Supplied data: Begin

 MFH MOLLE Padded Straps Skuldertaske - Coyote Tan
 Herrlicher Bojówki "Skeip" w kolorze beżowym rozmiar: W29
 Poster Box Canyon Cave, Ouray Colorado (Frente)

Supplied data: End

■ What the exercise asks ■
Reproduce the material exactly, and keep every line as it is.

■ Answer for the task ■
 MFH MOLLE Padded Straps Skuldertaske - Coyote Tan
 Herrlicher Bojówki "Skeip" w kolorze beżowym rozmiar: W29
 Poster Box Canyon Cave, Ouray Colorado (Frente)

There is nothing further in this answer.